The header of .travis.yml configures a straightforward Java 10 build.  Note, we can (and do) still build at a Java 8 language level, we just don’t want to use a deprecated JDK.  

install: "/bin/true"
script:
- "./test"

Maven installs the dependencies it needs during building, so we can just disable the “install” phase entirely.  The test script can be inlined if you prefer; it runs a very simple suite:

mvn clean install -q -B

(by running through the “install” phase instead of just “test”, we also catch the “integration-test” and “verify” Maven phases, which are nice things to run in a PR, if they exist).

env:
  global:
  - secure: ...
  - secure: ...
  - secure: ...
  - secure: ...

The next four encrypted secrets were all added via travis.  For more details on how TravisCI handles encrypted secrets, see this article.  Here, these hold four variables we’ll use in the deploy script:

travis encrypt OSSRH_PASSWORD='<sonatype password>' --add env.global
travis encrypt OSSRH_USERNAME='<sonatype username>' --add env.global
travis encrypt GPG_KEY_NAME='<gpg key name>' --add env.global
travis encrypt GPG_PASSPHRASE='<pass>' --add env.global

The first two variables are the Sonatype credentials we created earlier; these are used to authenticate to Sonatype to publish snapshots and release artifacts to central. The last two are for the GPG key we’ll be using to sign the artifacts we publish to Maven central.  Setting up GPG keys and using them to sign artifacts is outside the scope of this post; Sonatype has documented how to set up your GPG key here, and how to use it to sign your Maven artifacts here.

Next we need to set up our GPG key.  To sign our artifacts in a Travis build, we need the GPG key available.  Again, set this up by having Travis encrypt the entire file:

travis encrypt-file .travis/gpg.asc --add

In this case, gpg.asc is the gpg key you want to use to sign artifacts.  This will create .travis/gpg.asc.enc — commit this file, but do not commit gpg.asc.   
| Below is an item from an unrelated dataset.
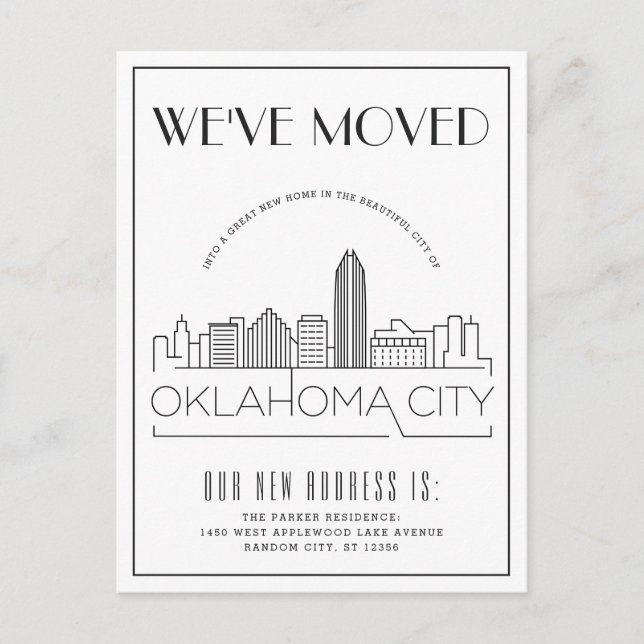 Postal De Anuncios Oklahoma City Modern Deco | Cambio de Dirección (Anverso)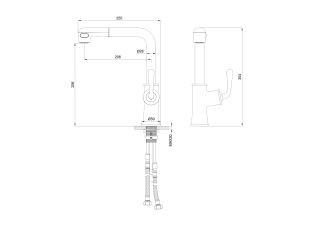 Смеситель для кухни Wonzon & Woghand WW-88439008A-MB с выдвижным изливом чёрный матовый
Travis will have added a block to .travis.yml that looks something like this:

before_deploy:
- openssl aes-256-cbc -K $encrypted_f094dd62560a_key -iv $encrypted_f094dd62560a_iv -in .travis/gpg.asc.enc -out .travis/gpg.asc -d

Travis defaults to “before_install”, but in this case we don’t need gpg.asc available until the artifact is deployed.

deploy:
-
  skip_cleanup: true
  provider: script
  script: ./deploy
  on:
    branch: master
-
  skip_cleanup: true
  provider: script
  script: ./deploy
  on:
    tags: true

Here we actually set up the artifact to deploy (the whole point of this exercise).  We tell Travis to deploy the artifact under two circumstances: first, for any commit to master; second, if there were tags pushed.  We’ll use the distinction between the two later.  

deploy

The deploy script handles the actual deployment. After a bit of input validation, we get to the important parts:

gpg --fast-import .travis/gpg.asc

This imports the gpg key we decrypted earlier — we need to use this to sign artifacts.

if [ ! -z "$TRAVIS_TAG" ]
then
    echo "on a tag -> set pom.xml <version> to $TRAVIS_TAG"
    mvn --settings "${TRAVIS_BUILD_DIR}/.travis/mvn-settings.xml" org.codehaus.mojo:versions-maven-plugin:2.1:set -DnewVersion=$TRAVIS_TAG 1>/dev/null 2>/dev/null
else
    echo "not on a tag -> keep snapshot version in pom.xml"
fi

This is the important part for eliminating commit clutter.  Whenever a tag is pushed — aka, whenever $TRAVIS_TAG exists — we use the versions-maven-plugin to temporarily set the project’s version to that tag. Specifically, 

$ git tag 1.23
$ git push origin 1.23

The committed artifact version in pom.xml doesn’t change. It doesn’t matter what the version is in pom.xml in master — we want to publish this version as 1.23.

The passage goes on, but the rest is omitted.